90 minut rozegrał Krzysztof Piątek w wygranym spotkaniu przez US Salernitana 1919 z US Lecce (2:1). Co prawda Polak nie zdobył bramki, ale był bardzo aktywny i jego gra mogła się podobać. Napastnik toczył zażarte boje z Samuelem Umtitim, Francuzem, mistrzem świata z 2018 roku.
Włoscy dziennikarze docenili grę Polaka, wystawiając mu całkiem przyzwoite noty (6-6,5 - w skali 1:10).
"Grał dla drużyny, wspierał kolegów w ważnych momentach" - piszą dziennikarze calciomercato.com (tam Piątek dostał notę 6,5).
"Sprawił, że drużyna wstaje i oddycha. Niewiele było jednak piłek do zagrania, tego wieczoru nie mógł trafić do bramki" - relacjonuje włoski Eurosport (nota 6).
ZOBACZ WIDEO: Tak może wyglądać kadra Santosa. Z nich zrezygnuje nowy selekcjoner?

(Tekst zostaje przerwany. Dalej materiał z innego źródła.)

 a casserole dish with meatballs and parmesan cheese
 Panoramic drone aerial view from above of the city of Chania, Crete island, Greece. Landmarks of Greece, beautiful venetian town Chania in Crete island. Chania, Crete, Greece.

Dzienniarze tuttomercatoweb.com (ocena 6,5) chwalą Piątka za walkę z Umtitim, starał się pracować dla drużyny, która mogła na niego liczyć.
"W końcówce tracił sporo piłek, ale był już mocno wyczerpany. Ale gra przeciwko Umtitiemu robi ogromne wrażenie" - czytamy.
Najwięcej pochwał pod adresem Piątka możemy przeczytać w serwisie tuttosalernitana.com (też nota 6,5).
"Jego inteligencja taktyczna, ruchy, sposób gry i powstrzymywanie obrony przeciwnika mają być pokazywane i demonstrowane szkołom piłkarskim" - podkreślają dziennikarze.
W drugiej połowie Krzysztof Piątek i jego kompani z klubu musieli napracować się bez piłki, żeby ataki Lecce nie nabrały rozmachu. Ostatecznie Salernitana dowiozła korzystny wynik 2:1 do końca. Klub Polaka zajmuje 14. miejsce w Serie A. Piątek w tym sezonie strzelił trzy bramki.
Czytaj także:
Wątpliwości trenera Pogoni
Czy ktoś dogoni lidera?
Oglądaj rozgrywki włoskiej Serie A na Eleven Sports w Pilocie WP (link sponsorowany)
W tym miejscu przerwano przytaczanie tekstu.